» EXERCISE DESCRIPTION:
Return all the lines below exactly as written. Drop every picture.

[Short web captions]
::::::
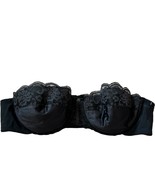 Vintage Chantilly Maidenform 38B #7345 Strapless Black Bra - $52.07 CAD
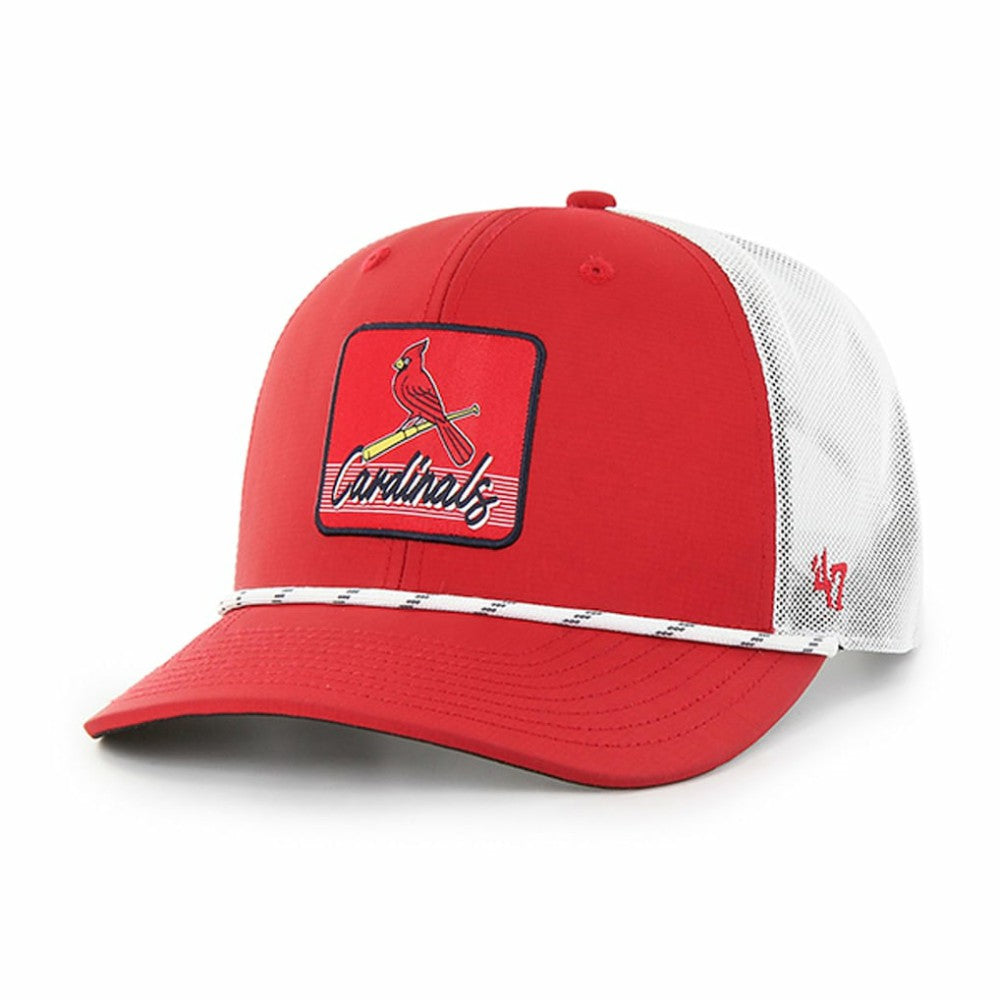 St. Louis Cardinals Scratch Adjustable Trucker Hat - Red/White | 47 brand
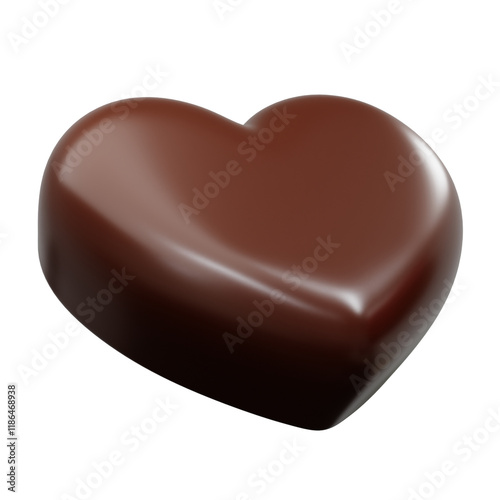 3D  Heart Shaped Chocolate for Valentine's Day, Valentine's Day Concept theme design	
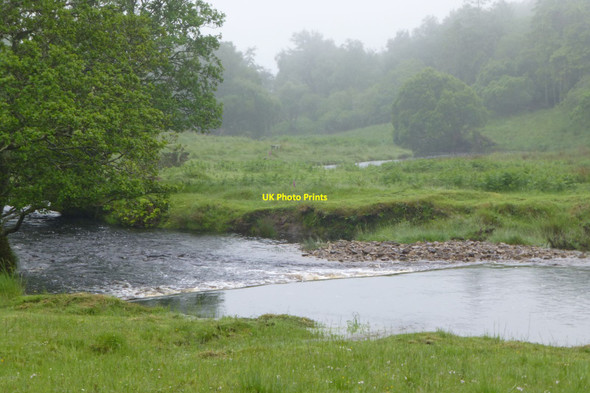 Photo 6"x4" Weir on the Lussa River  Inverlussa c2017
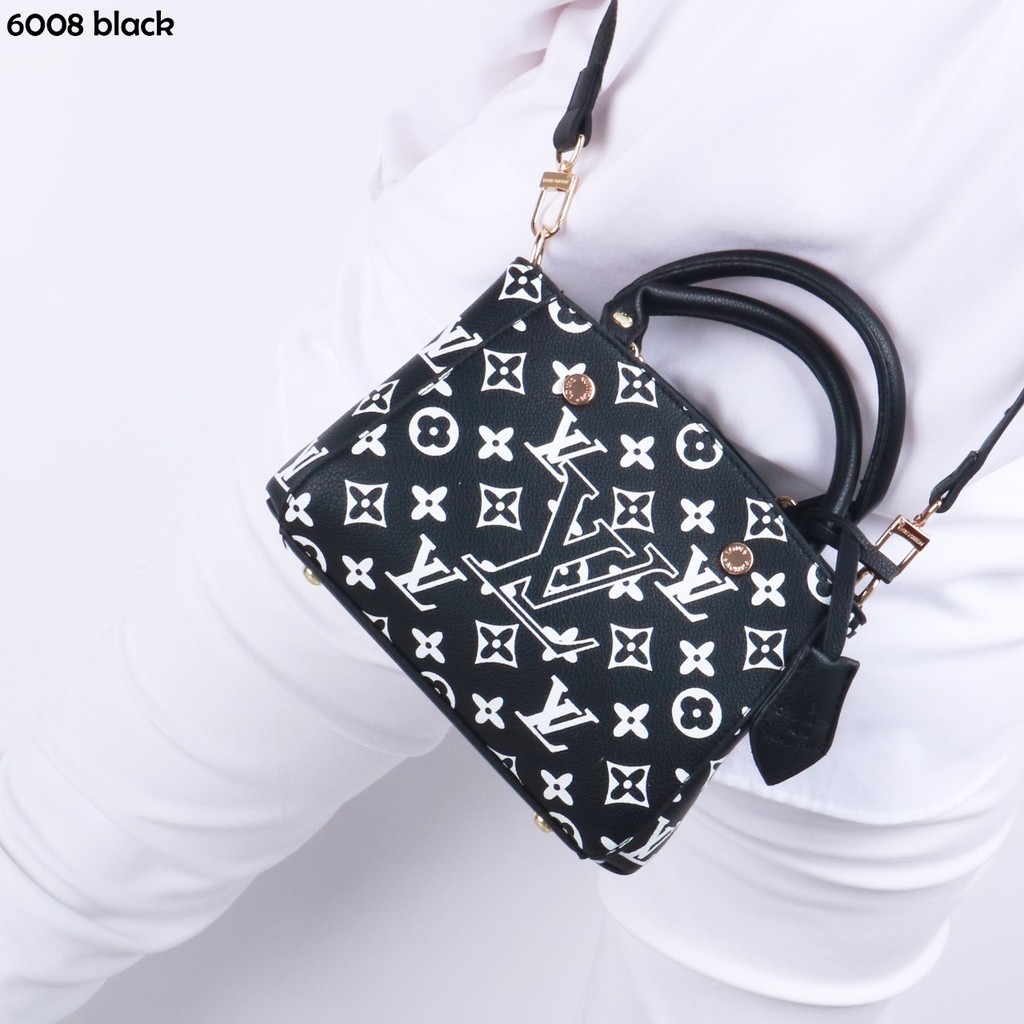 LV 6008 Exclusively Online Onthego Tophandlebag TAS WANITA TAS SELEMPANG SLING BAG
::::::
» SOLUTION:
 Vintage Chantilly Maidenform 38B #7345 Strapless Black Bra - $52.07 CAD
 St. Louis Cardinals Scratch Adjustable Trucker Hat - Red/White | 47 brand
 3D  Heart Shaped Chocolate for Valentine's Day, Valentine's Day Concept theme design	
 Photo 6"x4" Weir on the Lussa River  Inverlussa c2017
 LV 6008 Exclusively Online Onthego Tophandlebag TAS WANITA TAS SELEMPANG SLING BAG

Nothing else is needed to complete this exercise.